§ **EXERCISE**: State, as a bare number, how many lines below contain "Mercedes".

§ **DATA**:
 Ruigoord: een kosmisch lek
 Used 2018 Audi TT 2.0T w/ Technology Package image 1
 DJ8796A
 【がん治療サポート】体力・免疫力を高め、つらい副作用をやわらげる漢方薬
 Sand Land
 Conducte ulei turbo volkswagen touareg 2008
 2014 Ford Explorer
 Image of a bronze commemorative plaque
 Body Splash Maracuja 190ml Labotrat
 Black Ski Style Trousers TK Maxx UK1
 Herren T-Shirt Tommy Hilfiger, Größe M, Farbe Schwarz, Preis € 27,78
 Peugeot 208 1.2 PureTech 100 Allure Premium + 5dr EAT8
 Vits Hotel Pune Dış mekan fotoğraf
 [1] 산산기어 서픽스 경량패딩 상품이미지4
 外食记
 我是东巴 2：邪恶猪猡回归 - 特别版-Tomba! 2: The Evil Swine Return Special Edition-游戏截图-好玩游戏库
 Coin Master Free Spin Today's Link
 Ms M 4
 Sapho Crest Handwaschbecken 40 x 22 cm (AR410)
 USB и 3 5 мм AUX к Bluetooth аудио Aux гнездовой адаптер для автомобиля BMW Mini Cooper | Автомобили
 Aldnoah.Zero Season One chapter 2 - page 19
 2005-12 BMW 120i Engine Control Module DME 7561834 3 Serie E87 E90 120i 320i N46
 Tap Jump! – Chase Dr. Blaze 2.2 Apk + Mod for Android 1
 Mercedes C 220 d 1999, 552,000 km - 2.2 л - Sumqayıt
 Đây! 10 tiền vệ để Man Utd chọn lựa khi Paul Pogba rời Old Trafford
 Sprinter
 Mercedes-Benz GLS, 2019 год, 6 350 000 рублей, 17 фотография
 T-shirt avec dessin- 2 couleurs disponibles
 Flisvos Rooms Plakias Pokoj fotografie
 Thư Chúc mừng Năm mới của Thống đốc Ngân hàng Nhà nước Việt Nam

§ **SOLUTION TO THE PROBLEM**: 2